◆ WHAT IS REQUIRED
Pictures are to be omitted, and every entry below is to be restated exactly.

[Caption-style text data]
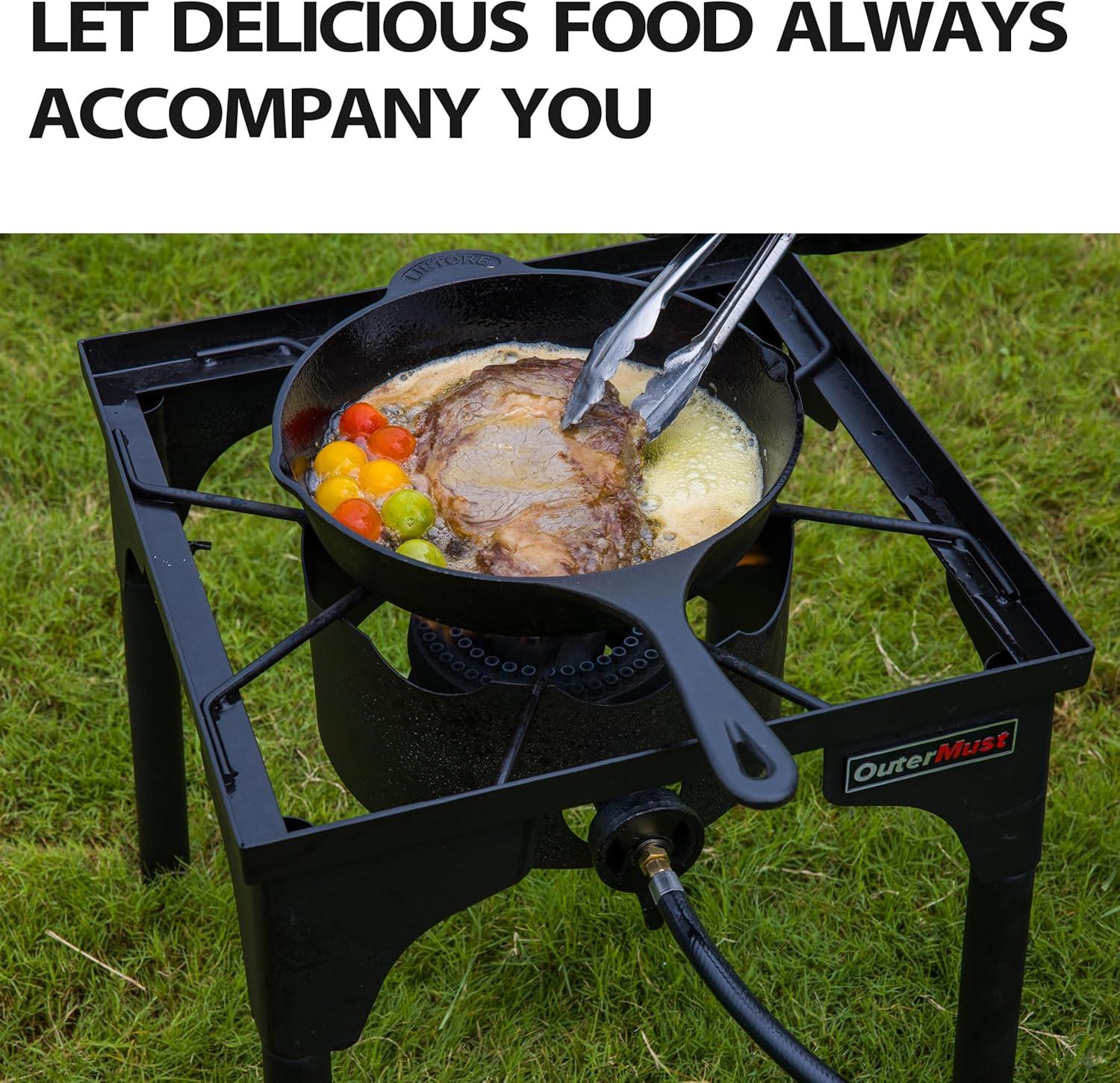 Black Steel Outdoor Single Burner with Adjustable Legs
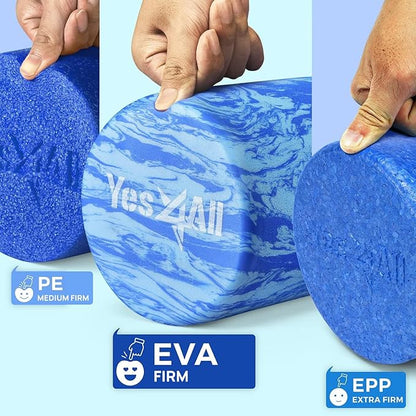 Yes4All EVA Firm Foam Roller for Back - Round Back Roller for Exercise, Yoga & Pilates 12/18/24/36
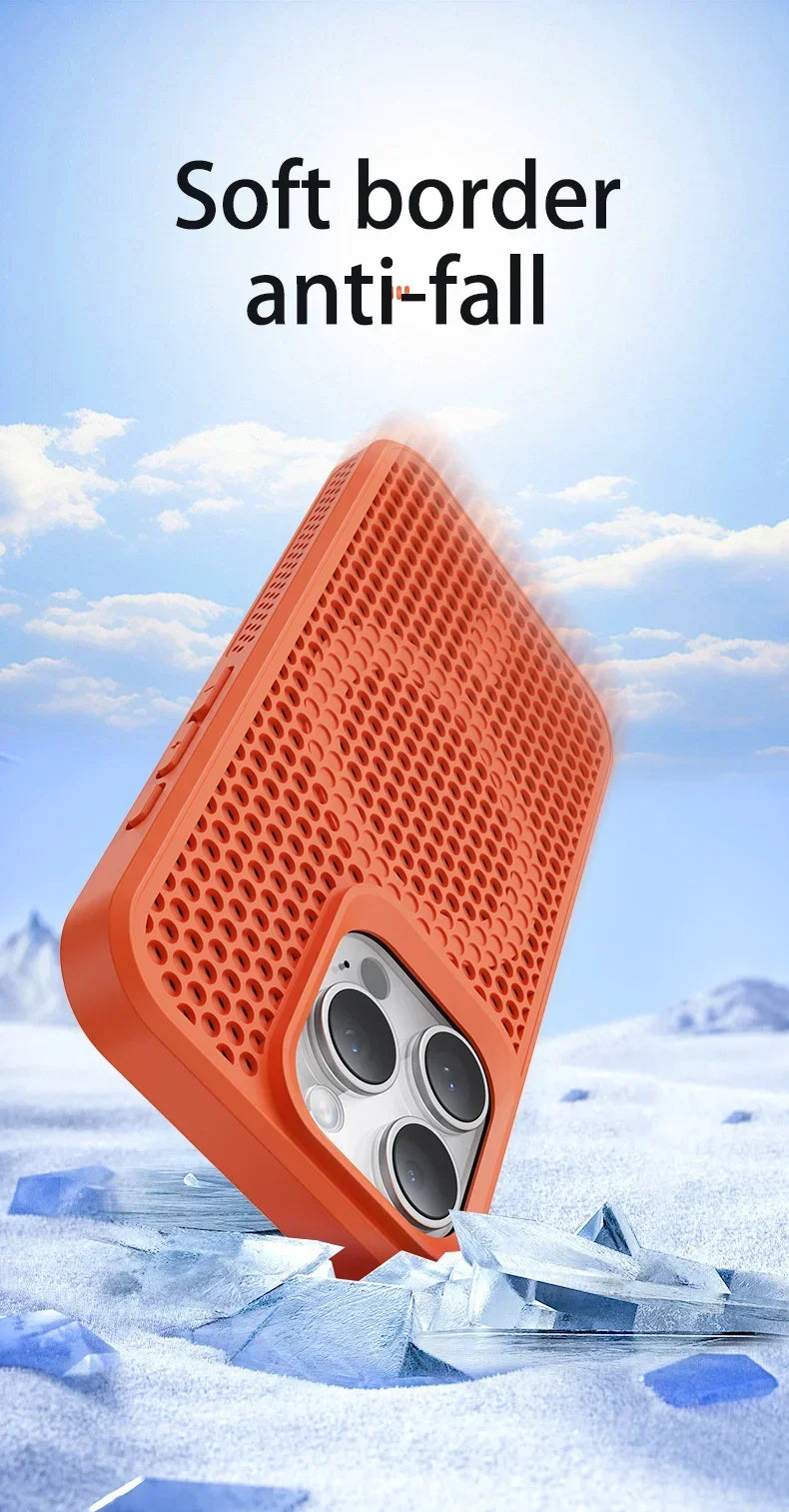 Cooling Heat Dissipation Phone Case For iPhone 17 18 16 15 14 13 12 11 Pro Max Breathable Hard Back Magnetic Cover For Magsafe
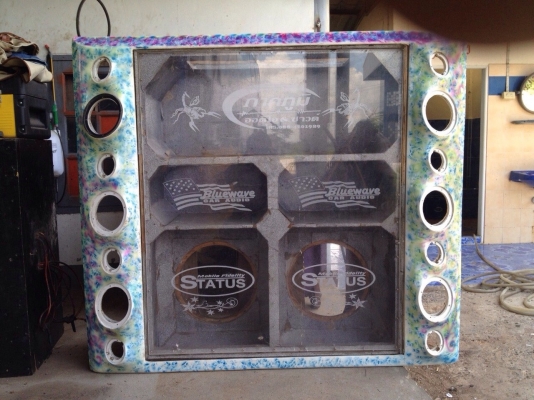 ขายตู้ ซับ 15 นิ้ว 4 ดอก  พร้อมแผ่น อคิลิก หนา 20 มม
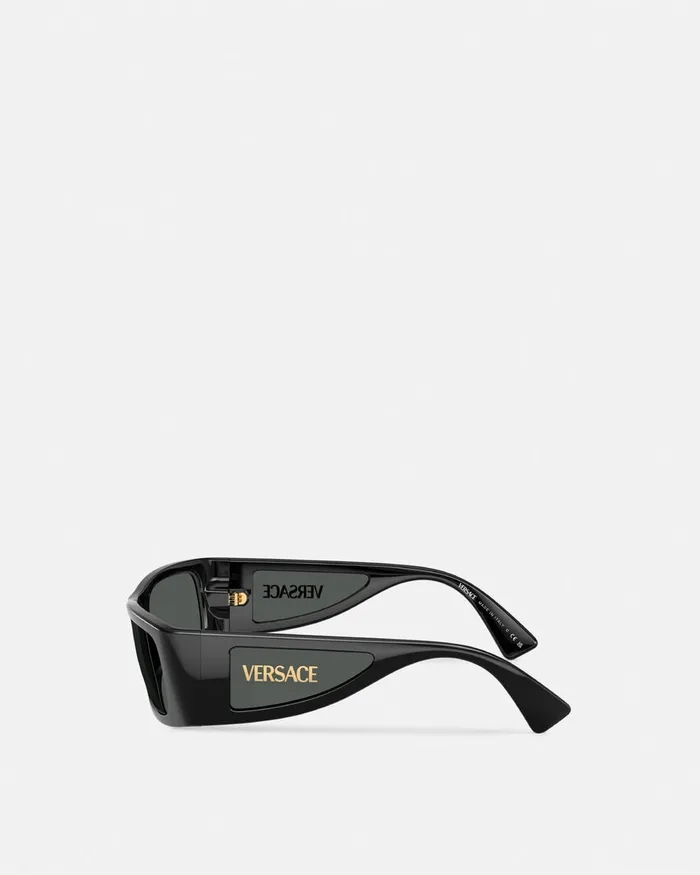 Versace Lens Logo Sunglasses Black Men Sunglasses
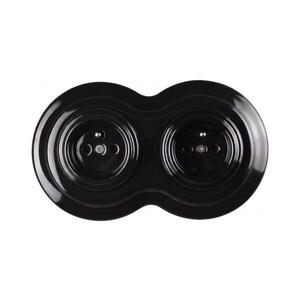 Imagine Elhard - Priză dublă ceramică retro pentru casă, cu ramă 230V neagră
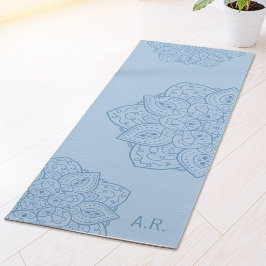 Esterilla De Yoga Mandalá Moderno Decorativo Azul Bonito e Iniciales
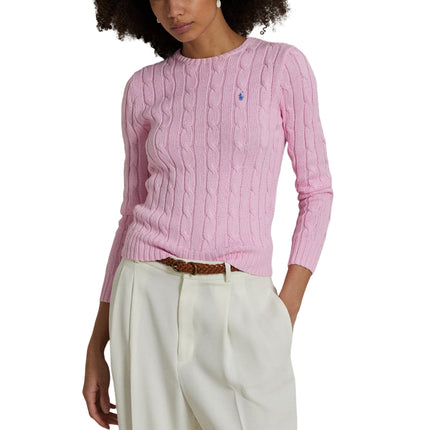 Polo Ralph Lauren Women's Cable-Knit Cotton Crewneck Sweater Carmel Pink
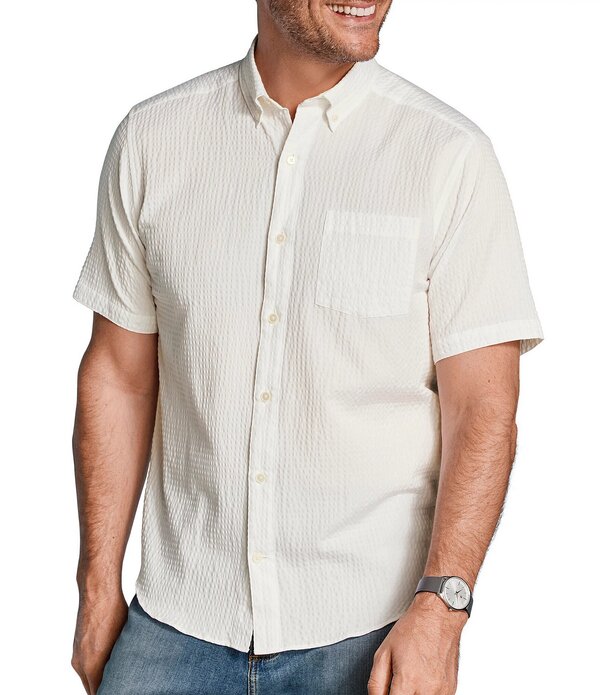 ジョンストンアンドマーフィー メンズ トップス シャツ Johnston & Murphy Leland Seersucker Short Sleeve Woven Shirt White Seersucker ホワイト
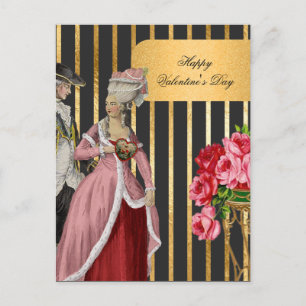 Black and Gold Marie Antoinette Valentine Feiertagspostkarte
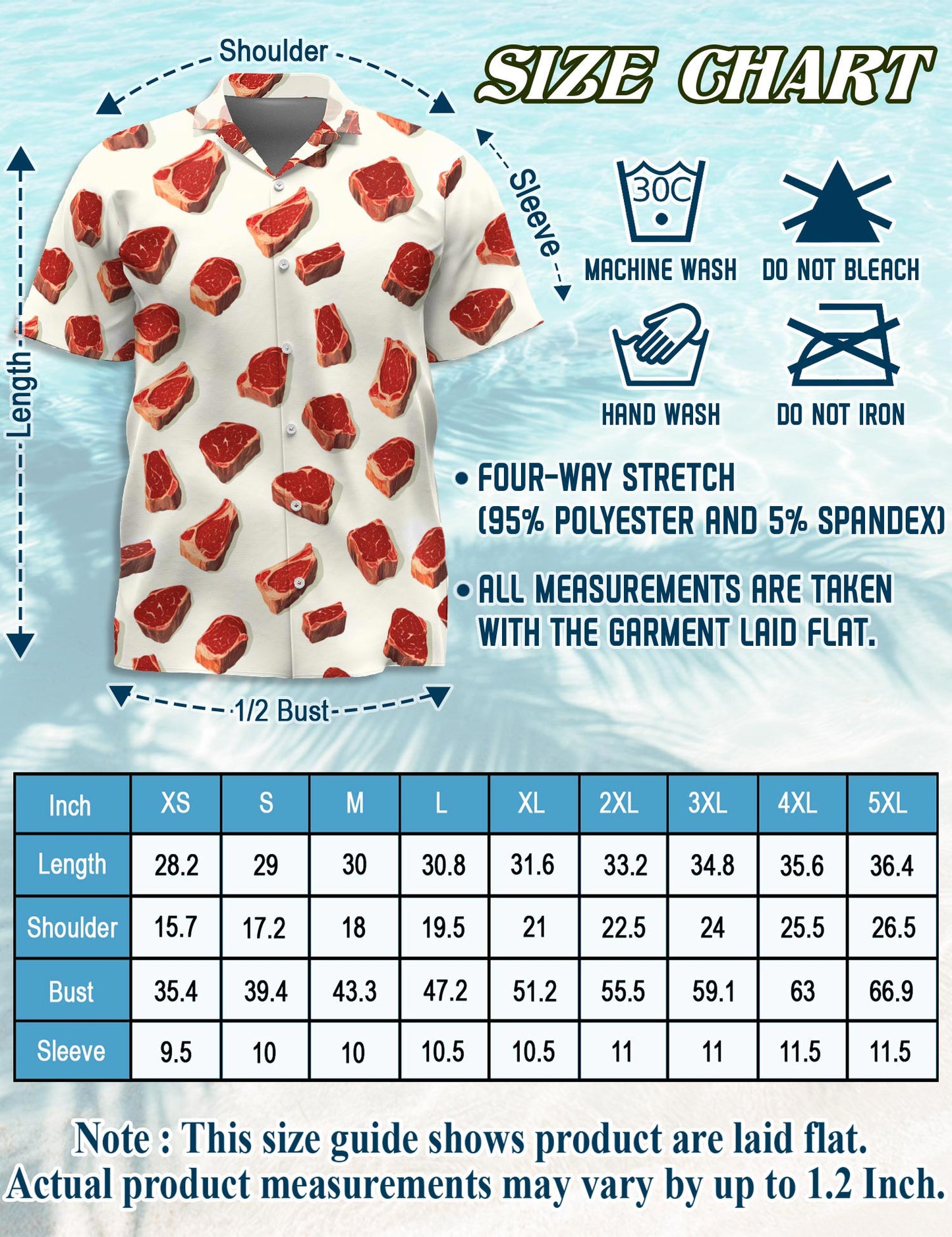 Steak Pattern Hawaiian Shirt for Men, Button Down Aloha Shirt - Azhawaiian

◆ PROBLEM SOLUTION
 Black Steel Outdoor Single Burner with Adjustable Legs
 Yes4All EVA Firm Foam Roller for Back - Round Back Roller for Exercise, Yoga & Pilates 12/18/24/36
 Cooling Heat Dissipation Phone Case For iPhone 17 18 16 15 14 13 12 11 Pro Max Breathable Hard Back Magnetic Cover For Magsafe
 ขายตู้ ซับ 15 นิ้ว 4 ดอก  พร้อมแผ่น อคิลิก หนา 20 มม
 Versace Lens Logo Sunglasses Black Men Sunglasses
 Imagine Elhard - Priză dublă ceramică retro pentru casă, cu ramă 230V neagră
 Esterilla De Yoga Mandalá Moderno Decorativo Azul Bonito e Iniciales
 Polo Ralph Lauren Women's Cable-Knit Cotton Crewneck Sweater Carmel Pink
 ジョンストンアンドマーフィー メンズ トップス シャツ Johnston & Murphy Leland Seersucker Short Sleeve Woven Shirt White Seersucker ホワイト
 Black and Gold Marie Antoinette Valentine Feiertagspostkarte
 Steak Pattern Hawaiian Shirt for Men, Button Down Aloha Shirt - Azhawaiian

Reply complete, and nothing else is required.